[Collected data entries]
· · ·

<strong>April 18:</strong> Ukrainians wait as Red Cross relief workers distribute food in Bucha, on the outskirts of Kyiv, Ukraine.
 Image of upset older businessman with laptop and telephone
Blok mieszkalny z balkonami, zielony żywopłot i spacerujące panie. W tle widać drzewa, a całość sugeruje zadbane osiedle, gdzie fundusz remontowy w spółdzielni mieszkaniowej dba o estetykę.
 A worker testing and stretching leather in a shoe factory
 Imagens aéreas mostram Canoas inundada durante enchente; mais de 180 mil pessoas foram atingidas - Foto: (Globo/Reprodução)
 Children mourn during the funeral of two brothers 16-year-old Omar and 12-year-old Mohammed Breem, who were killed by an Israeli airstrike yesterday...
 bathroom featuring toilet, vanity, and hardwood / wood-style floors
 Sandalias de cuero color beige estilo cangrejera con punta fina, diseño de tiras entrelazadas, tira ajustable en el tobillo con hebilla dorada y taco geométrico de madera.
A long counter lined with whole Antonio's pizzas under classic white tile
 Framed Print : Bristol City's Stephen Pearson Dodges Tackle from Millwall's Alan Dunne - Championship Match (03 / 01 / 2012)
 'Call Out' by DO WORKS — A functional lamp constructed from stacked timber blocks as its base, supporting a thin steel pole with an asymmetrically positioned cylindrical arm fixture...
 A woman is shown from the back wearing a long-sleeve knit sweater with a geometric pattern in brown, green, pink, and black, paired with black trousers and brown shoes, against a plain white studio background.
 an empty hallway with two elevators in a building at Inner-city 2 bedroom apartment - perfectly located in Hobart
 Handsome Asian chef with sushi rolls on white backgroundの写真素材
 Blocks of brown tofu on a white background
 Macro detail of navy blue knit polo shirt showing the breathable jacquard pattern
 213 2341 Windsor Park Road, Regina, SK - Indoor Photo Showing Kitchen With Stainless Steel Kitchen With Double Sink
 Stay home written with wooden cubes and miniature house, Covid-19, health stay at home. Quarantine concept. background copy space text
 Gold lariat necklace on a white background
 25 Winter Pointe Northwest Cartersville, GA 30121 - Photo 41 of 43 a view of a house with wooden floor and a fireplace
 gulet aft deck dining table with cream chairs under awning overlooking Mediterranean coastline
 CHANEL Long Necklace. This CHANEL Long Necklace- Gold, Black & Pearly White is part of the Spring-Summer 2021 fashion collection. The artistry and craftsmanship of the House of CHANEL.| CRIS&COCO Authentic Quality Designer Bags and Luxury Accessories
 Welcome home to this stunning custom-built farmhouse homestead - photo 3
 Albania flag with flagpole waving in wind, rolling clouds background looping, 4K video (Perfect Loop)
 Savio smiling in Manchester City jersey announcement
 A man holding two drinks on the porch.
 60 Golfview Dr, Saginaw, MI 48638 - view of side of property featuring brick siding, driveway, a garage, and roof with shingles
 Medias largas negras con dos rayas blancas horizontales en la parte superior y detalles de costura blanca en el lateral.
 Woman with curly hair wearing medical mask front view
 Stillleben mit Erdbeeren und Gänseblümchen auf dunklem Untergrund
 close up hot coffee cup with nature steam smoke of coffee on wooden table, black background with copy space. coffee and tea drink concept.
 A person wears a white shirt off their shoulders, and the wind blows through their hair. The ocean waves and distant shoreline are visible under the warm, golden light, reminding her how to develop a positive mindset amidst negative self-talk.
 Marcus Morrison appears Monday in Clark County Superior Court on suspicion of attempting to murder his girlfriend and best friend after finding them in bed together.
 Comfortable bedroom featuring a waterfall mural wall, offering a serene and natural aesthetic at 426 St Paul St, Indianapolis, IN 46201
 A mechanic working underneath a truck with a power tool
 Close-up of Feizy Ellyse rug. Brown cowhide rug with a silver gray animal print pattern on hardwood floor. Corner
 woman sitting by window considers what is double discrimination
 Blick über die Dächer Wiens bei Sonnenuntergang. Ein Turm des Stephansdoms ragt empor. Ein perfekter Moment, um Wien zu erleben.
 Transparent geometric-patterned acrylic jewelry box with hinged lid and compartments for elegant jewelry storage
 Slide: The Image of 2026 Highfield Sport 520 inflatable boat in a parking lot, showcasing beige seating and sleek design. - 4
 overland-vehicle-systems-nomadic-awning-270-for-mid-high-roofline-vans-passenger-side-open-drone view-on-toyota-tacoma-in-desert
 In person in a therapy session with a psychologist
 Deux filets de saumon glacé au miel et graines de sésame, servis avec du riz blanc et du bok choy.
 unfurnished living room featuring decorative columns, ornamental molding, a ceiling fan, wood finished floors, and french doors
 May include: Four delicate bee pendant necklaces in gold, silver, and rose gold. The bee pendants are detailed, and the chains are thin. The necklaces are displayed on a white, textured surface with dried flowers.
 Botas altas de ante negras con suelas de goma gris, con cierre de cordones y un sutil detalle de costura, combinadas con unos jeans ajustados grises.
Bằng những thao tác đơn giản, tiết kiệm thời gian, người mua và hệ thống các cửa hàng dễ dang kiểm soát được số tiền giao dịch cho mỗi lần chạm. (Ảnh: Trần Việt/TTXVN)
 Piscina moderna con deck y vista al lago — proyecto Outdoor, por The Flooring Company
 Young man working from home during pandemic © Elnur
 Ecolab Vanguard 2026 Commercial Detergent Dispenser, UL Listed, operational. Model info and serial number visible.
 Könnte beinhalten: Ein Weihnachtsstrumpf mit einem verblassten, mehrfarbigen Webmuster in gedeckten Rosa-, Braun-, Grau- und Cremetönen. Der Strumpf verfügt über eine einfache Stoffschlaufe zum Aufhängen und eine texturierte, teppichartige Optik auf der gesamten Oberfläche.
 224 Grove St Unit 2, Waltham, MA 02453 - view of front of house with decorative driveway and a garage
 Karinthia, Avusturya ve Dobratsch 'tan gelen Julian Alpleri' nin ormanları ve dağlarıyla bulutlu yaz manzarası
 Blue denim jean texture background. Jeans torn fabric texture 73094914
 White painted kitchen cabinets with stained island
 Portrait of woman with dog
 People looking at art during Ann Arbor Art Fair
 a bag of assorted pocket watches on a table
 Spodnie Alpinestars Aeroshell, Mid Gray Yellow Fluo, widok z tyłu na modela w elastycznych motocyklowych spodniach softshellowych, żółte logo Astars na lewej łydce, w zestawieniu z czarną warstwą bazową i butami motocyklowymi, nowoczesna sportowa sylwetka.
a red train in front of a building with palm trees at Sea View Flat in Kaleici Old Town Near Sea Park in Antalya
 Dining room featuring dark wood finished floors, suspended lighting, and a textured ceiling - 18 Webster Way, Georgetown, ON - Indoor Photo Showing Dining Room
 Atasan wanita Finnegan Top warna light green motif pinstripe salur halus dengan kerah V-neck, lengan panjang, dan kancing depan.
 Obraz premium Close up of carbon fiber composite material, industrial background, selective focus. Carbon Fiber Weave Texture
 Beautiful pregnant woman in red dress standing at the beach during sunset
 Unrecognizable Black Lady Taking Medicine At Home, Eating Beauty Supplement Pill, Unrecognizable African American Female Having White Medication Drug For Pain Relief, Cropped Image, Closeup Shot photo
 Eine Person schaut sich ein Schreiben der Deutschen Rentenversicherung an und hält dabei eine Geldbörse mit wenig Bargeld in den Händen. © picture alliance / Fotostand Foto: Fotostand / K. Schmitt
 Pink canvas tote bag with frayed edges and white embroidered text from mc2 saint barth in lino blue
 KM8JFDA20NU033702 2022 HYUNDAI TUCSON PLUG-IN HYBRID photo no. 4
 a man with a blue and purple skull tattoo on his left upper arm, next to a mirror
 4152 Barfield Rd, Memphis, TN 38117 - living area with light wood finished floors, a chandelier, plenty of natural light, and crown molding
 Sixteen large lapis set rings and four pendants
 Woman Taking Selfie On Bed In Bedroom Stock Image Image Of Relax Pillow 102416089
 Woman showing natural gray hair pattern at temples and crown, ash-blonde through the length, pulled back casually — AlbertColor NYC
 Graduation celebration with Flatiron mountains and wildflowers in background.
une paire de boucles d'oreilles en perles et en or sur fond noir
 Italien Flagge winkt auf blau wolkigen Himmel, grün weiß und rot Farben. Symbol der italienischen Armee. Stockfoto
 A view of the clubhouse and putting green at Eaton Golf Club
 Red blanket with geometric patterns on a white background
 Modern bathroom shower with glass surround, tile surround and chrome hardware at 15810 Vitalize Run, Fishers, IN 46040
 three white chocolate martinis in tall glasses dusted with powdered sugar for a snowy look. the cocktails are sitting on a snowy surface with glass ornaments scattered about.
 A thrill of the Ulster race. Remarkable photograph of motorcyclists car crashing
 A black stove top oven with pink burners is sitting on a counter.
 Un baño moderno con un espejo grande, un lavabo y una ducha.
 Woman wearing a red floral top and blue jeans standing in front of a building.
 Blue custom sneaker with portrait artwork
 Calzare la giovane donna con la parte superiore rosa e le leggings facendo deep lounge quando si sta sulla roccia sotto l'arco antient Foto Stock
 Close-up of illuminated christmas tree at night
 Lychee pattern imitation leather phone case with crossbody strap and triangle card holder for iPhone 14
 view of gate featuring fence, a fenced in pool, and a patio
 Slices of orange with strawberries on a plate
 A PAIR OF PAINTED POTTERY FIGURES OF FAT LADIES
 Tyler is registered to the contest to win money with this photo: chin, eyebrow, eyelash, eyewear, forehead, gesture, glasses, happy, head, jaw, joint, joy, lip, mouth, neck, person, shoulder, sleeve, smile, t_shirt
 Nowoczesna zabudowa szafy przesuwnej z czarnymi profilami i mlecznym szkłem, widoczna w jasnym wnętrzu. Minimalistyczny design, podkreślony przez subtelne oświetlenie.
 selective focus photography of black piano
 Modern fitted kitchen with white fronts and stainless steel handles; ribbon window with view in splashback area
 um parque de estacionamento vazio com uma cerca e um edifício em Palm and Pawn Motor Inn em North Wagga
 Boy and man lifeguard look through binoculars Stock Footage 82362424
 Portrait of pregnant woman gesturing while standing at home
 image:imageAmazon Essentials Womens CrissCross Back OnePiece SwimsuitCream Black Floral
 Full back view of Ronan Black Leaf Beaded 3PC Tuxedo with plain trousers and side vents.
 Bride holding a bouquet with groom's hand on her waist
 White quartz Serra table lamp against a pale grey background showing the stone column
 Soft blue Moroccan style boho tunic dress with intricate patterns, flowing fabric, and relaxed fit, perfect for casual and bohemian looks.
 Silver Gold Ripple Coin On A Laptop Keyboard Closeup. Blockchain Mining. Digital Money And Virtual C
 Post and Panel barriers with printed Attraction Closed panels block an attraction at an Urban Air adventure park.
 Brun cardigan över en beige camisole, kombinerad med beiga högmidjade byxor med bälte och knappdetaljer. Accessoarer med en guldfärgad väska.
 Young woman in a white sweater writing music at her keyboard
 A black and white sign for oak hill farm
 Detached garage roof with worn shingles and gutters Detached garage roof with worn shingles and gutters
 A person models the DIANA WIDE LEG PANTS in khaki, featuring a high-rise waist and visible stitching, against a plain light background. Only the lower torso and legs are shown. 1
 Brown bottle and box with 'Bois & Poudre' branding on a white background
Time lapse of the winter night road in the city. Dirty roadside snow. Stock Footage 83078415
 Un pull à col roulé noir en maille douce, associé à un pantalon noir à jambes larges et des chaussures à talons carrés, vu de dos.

· · ·

→ Task item: Search the records above for the string "pregnant" and copy each line that holds it.

→ Answer below:
 Beautiful pregnant woman in red dress standing at the beach during sunset
 Portrait of pregnant woman gesturing while standing at home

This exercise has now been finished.